Double Solitaire


Nick Hornby is a better novelist than he is a music critic, which admittedly isn’t saying much, but his books do hold some artifactual interest as fastidious summaries of the unexamined life. His professional solipsists are plugged into popular culture but utterly detached from actual people; that neither Hornby nor his protagonists seem to notice or mind the disengagement only adds accidental frisson. The author can convincingly represent interior drift: Stuck in an emergency ward with the young son of a woman who has just tried to kill herself, About a Boy‘s Will Freeman finds himself “absorbed almost to the point of enjoyment” in the drama, and the book’s smug breeziness momentarily becomes an Adorno-like chill. You’d be hard pressed, however, to find any credible affinity between two human beings in Hornby’s fiction—even About a Boy, in which the two primary concerns take the form of only-connect conundrums: the pitfalls of serial dating and the unlikely accord between an inertly wealthy bachelor and a pubescent loner dork.

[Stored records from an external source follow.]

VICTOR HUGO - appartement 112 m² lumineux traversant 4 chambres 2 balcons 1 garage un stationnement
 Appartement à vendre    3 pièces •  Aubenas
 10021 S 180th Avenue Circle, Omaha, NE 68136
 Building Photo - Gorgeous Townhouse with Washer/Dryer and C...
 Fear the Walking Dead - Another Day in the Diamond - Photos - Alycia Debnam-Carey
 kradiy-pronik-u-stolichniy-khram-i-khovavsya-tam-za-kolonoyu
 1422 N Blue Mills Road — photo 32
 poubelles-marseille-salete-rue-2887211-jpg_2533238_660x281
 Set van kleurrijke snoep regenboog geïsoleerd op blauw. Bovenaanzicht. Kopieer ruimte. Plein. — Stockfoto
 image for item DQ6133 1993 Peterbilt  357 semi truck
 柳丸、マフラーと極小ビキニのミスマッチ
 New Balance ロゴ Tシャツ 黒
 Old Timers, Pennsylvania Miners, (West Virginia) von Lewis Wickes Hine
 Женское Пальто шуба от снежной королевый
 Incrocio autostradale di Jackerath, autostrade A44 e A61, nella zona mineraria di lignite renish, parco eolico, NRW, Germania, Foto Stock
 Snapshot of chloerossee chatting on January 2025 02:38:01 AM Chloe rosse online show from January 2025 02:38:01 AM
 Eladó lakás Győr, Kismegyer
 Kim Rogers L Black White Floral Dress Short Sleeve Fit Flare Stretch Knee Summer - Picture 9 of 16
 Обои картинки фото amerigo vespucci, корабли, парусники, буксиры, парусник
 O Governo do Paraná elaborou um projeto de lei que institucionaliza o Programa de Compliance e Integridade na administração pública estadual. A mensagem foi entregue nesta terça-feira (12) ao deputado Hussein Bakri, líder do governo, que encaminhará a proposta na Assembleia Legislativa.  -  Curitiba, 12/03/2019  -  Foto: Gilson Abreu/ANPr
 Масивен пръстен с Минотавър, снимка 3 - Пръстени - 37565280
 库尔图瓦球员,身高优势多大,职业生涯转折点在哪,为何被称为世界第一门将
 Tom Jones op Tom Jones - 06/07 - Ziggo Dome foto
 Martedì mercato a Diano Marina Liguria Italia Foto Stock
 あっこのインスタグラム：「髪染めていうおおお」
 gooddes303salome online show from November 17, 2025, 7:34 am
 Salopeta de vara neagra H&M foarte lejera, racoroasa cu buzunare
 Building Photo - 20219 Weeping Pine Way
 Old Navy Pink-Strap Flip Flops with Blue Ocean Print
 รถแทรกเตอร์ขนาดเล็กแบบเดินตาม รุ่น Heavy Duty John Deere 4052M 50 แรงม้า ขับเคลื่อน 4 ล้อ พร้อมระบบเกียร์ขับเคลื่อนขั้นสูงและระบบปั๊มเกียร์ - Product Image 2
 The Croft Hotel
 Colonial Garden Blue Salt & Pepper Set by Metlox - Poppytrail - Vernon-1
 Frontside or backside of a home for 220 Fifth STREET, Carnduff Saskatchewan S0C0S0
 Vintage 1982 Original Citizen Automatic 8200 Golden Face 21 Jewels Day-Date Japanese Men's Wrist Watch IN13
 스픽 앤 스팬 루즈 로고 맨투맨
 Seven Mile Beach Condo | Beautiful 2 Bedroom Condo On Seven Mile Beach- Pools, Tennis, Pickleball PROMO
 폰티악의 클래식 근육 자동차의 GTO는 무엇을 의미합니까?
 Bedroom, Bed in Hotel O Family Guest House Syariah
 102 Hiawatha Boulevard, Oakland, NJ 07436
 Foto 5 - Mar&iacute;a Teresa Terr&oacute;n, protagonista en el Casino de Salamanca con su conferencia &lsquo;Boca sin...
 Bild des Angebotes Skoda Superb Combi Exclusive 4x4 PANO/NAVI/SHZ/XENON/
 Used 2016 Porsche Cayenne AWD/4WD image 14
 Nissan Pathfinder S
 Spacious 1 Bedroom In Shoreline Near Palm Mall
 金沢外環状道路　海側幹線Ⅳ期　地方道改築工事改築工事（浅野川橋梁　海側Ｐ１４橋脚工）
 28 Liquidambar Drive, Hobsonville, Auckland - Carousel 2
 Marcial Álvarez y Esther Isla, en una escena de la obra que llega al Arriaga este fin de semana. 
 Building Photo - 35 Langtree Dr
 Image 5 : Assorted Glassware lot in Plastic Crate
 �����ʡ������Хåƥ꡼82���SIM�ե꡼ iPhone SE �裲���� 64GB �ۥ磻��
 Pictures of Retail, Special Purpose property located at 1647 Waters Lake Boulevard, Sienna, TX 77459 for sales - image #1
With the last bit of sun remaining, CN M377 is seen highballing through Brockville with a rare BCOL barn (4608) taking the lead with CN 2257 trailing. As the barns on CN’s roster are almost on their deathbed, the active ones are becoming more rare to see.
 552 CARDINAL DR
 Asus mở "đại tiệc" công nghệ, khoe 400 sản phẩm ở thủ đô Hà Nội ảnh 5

American Pie directors Paul and Chris Weitz are remarkably faithful to the text in their film adaptation, lifting entire pages of dialogue along with the novel’s rigid high-concept tidiness (Will has no friends; the credits list no fewer than four actresses as simply “Bitter Ex-Girlfriend”), self-satisfied pop referencing, and blithe sociopathy. Will (Hugh Grant), a London bounder with an inheritance, enjoys a commitment-free fling with a divorced parent and suspects he’s stumbled on a mother lode. He fabricates a toddler and a desertion sob story to join an estrogen-dominated support group called SPAT, for “Single Parents—Alone Together.” (The creep quotient hasn’t reached such queasy heights in a cine-romance since rehabbing lout Ben Affleck hoodwinked grieving widow Gwyneth Paltrow in Bounce.) A SPAT picnic introduces Will to Marcus (Nicholas Hoult), a stoic 12-year-old equally bewildered by his bullying classmates and clinically depressed solo mum, Fiona (Toni Collette). Marcus catches on to Will’s dissimulation in no time, which gives the lad leverage to conscript him as de facto baby-sitter and fount of disposable income. Soon he’s posing (rather pointlessly) as Will’s son to help earn the affections of sultry Rachel (Rachel Weisz).

Since the central odd couple have no rapport, their bond never seems to progress past mutual usury—a weary-looking Grant has played the affably predatory cad too often (most recently in Bridget Jones’s Diary), and Hoult recites his darndest things in uncomprehending singsong. Collette, meanwhile, does her best to anthropomorphize her daffy duck, who mostly quacks and blubbers. The book, set in 1993 and ’94, invokes Kurt Cobain’s descent with Fiona’s suicide attempt and unresolved despair; the title summons Nirvana’s raw-silk ballad “About a Girl.” (The movie’s cream-puff chamber pop is provided by Badly Drawn Boy’s Damon Gough.) The Weitzes dispense with the original Cobain-haunted happy ending, opting for an improbable onstage redemption via “Killing Me Softly With His Song”—a sentimental inversion of an episode of Mike Judge’s comic-humanist landmark King of the Hill. (Newly empowered as a plus-size model, young Bobby is about to make his mall-catwalk debut when Dad drags him kicking and screaming from the scene, but the kid’s dream deferred turns out to be a disaster averted.) There’s something either mean or stupid about the triumph About a Boy finally contrives for Marcus: A film that takes hormonal grown-up deceit so magnanimously for granted shouldn’t be so willfully naive about the unrelenting cruelty of children.

The sadism of adolescent boys is dispassionately chronicled in the hour-long documentary Standing by Yourself (at the Pioneer), a highlight of the recent New York Underground Film Festival. Director Josh Koury, himself a teenager when the movie was made in his upstate New York hometown, trains his camcorder on the fraying friendship between wry, bookish Adam (Josh’s younger brother) and obnoxious punk poseur Siegfried, a budding white supremacist who ceaselessly hounds his mother for money. These restless high schoolers seem to have little in common except their propensity to troll for highs—in their parents’ pill stashes and the local drugstore’s cough-medicine aisle. A crystalline curio of dumbshit nihilism shot through with fleeting pathos, Koury’s home movie often evokes The Decline of Western Civilization Part III.